▶ [RECORDS PROVIDED]:

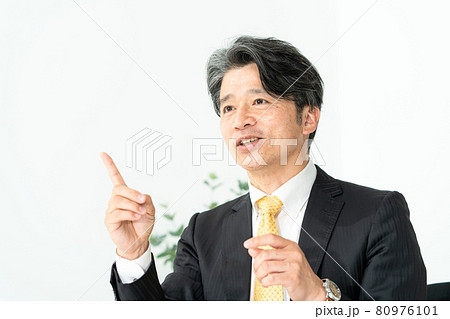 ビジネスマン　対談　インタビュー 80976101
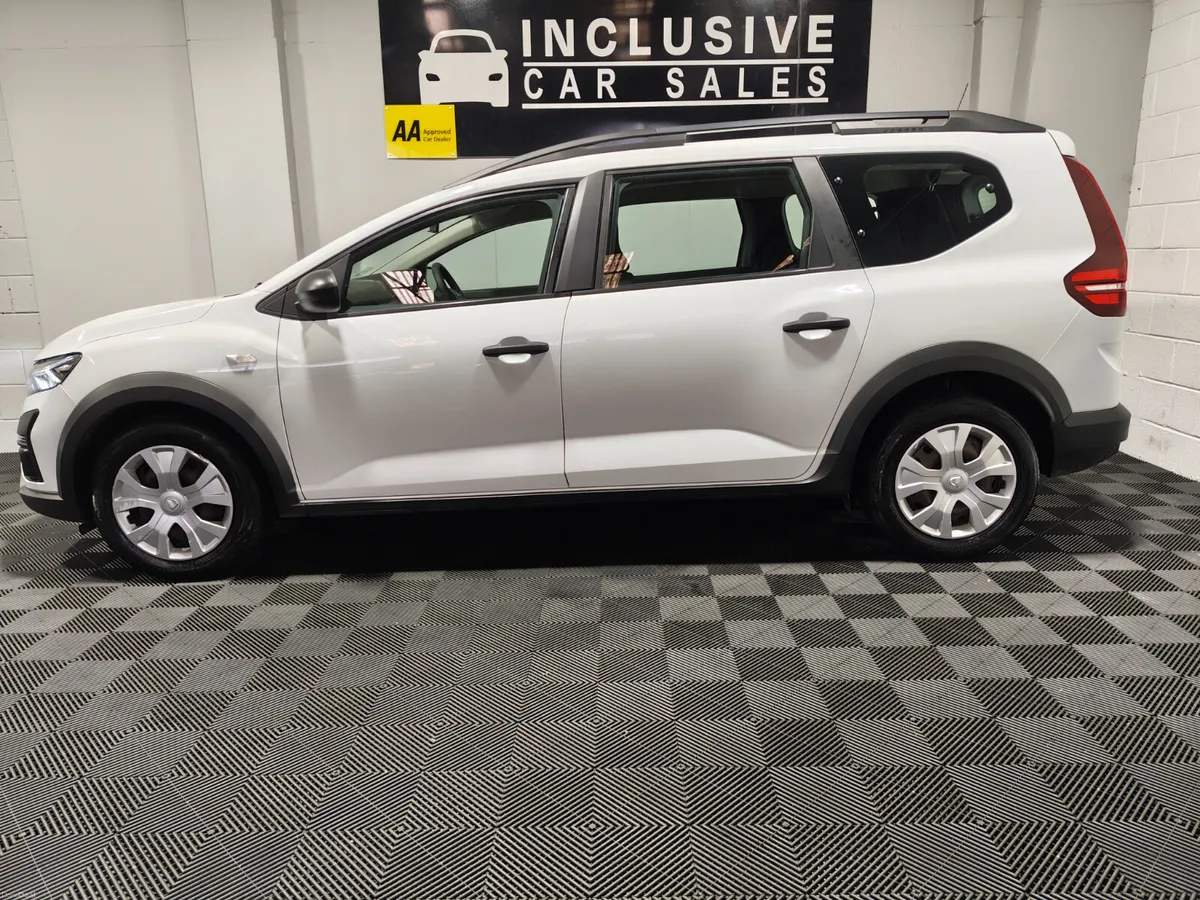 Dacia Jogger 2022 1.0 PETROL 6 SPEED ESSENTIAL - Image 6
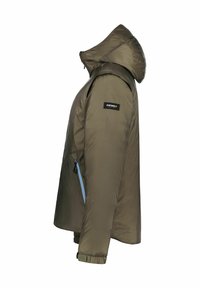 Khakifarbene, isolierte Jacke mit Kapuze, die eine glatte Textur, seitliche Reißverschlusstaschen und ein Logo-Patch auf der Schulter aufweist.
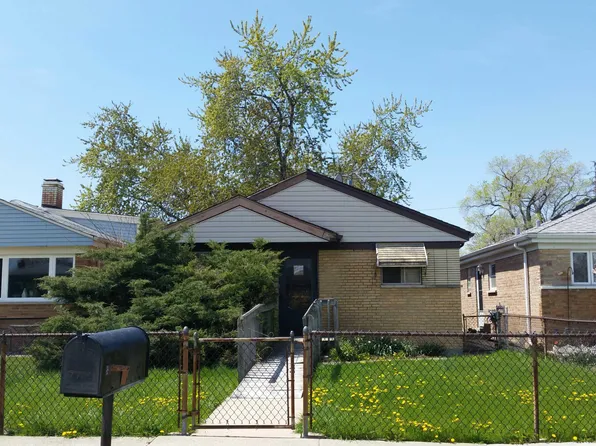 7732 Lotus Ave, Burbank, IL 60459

* * *

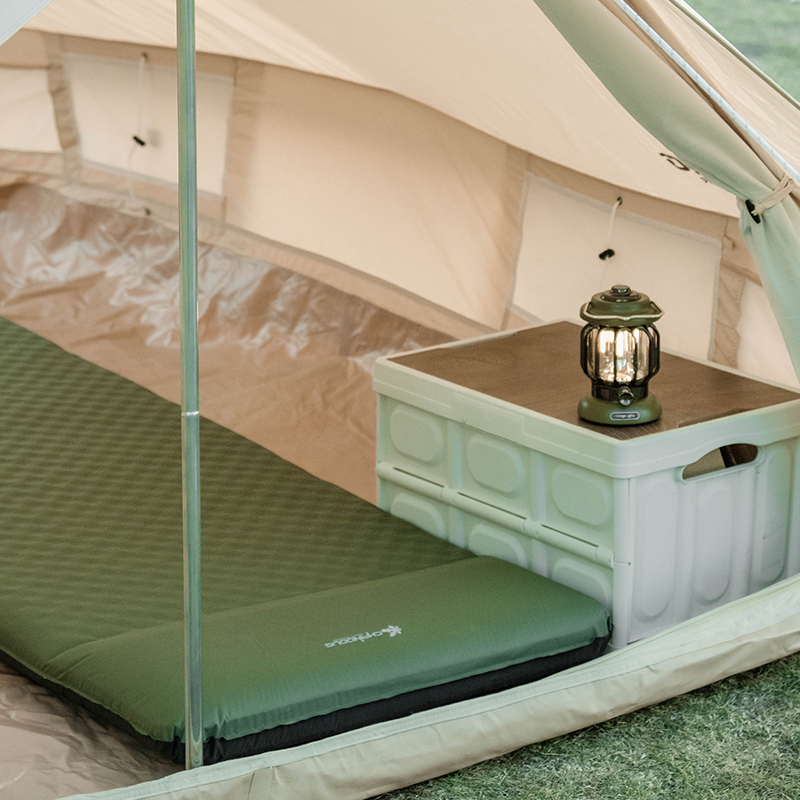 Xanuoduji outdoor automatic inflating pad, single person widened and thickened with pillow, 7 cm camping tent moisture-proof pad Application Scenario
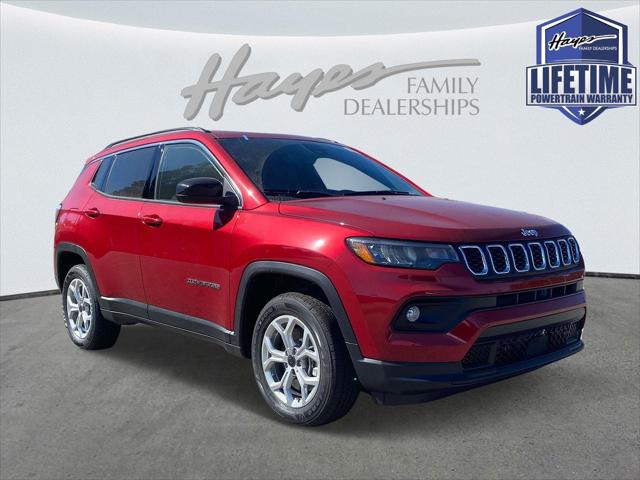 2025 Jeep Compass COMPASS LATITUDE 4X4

▶ [EXERCISE REQUIREMENTS]: Taking the material above, give again exactly the lines from the one holding "Xanuoduji outdoor automatic" through the one holding "2025 Jeep Compass COMPASS LATITUDE 4X4", with both ends and without pictures.

▶ [YOUR RESPONSE]:
 Xanuoduji outdoor automatic inflating pad, single person widened and thickened with pillow, 7 cm camping tent moisture-proof pad Application Scenario
 2025 Jeep Compass COMPASS LATITUDE 4X4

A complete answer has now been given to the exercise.